И неожиданно уколол чем-то острым под ложечкой.
— Вы чувствуете это прикосновение как укол?
И сызнова уколол. Уколол подряд несколько раз и только тогда разрешил милостиво натянуть майку.
— К сожалению, мы с вами стремительно катимся к язве.
— Обследования?
Он пожал плечами и сел выписывать рецепт за чужой столик под портретом чужой своей жены.
Но прежде рецепта протянул мне какую-то металлическую штучку.
— Не бойтесь, возьмите в руки. Она абсолютно гладкая! А вам казалось, острая. Да? Это и есть наша диагностика. — И без всякого перехода: — А за вами ее другой портрет.
Здесь была тоже она, но не в золоте, тут рама белая, простая, а Калерия в украинской вышитой сорочке облокотилась о перила открытой веранды. Она казалась намного моложе, чем на том “парадном” портрете, и подозрение, что Орест Константинович уговорил художника писать ее на даче в Мамонтовке, в пору начала их романа, ударило в голову, и бедные тени тети Зайки и Шурочки проплыли.
А на портрете сбоку и внизу слева аквамарином по охре — 44 и подпись — размашистые инициалы.
— Это… — Доктор назвал опального в те годы художника, но я без него знала, кто автор. — Я больше люблю этот портрет. Вы не находите?
— Наверное, — ответила, но глядела не на портрет, а на доктора.
— А у вас всегда такие реакции? — спросил строго, но засмеялся.

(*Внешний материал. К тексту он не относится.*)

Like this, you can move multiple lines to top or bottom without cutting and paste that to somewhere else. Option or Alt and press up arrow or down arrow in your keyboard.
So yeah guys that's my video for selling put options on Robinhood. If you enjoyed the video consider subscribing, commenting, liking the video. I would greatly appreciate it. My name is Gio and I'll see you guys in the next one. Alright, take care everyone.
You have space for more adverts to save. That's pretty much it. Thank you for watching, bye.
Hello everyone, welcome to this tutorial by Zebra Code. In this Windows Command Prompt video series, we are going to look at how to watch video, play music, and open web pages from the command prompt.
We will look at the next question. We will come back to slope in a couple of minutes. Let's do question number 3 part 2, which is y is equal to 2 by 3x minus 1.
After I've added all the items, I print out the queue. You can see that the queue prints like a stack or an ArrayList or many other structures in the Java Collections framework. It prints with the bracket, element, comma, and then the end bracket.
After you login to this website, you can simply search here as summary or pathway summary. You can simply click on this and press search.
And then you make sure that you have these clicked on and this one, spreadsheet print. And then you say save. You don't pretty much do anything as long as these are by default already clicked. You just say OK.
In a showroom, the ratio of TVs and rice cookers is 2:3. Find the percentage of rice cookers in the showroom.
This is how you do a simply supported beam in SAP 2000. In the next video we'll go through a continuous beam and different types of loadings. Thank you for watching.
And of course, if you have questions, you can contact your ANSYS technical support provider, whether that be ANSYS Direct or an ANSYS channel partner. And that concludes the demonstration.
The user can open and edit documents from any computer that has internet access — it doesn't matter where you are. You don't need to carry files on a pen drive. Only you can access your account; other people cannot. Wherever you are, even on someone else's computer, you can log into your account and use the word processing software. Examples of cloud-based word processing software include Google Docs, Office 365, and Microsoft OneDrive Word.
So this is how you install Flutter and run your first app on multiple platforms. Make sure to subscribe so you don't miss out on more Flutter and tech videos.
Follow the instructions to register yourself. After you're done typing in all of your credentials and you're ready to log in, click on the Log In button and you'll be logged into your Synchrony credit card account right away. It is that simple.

Конечно, он не мог быть сыном генерала Ольхова. Тот был бы сейчас старше, хотя и моложе Калерии, а главное — длинный, узкий, и голова была как у стрекозы — маленькая головка астеника. А жива ли сама модель? Но тогда нужно будет произнести фамилию Скворцова, ведь она взяла фамилию Ореста Константиновича, так умоляла Виктория Карловна; надменная Калерия не очень хотела расставаться с остзейскими баронами. Но после развода — не знаю. Хотя, кажется, они формально так и не развелись; жили отдельно, она в его московской квартире на Патриарших, а он научился водить машину и переехал в Мамонтовку. Но принимал, кажется, все равно на Патриарших. Так жива ли она? Жива, иначе доктор не говорил бы в таком горделиво-кокетливом тоне, и Калерия, но в образе оперной пиковой дамы, вдруг представилось, может появиться здесь. Меня она, конечно, не узнает, если не напомню, а я не напомню. У доктора это скорее рабочий кабинет, уже разрешили нечто частно-кооперативное, но что с той квартирой? Продана, а может, сломали дом? Когда они еще жили вместе и Калерия в кимоно открывала дверь, я, стесняясь ее победительной красоты и своей детской неуклюжести, торопливо снимала в передней резиновые калоши на красной подкладке и в валенках проходила в кабинет к Оресту Константиновичу; меня и тогда мутило по утрам.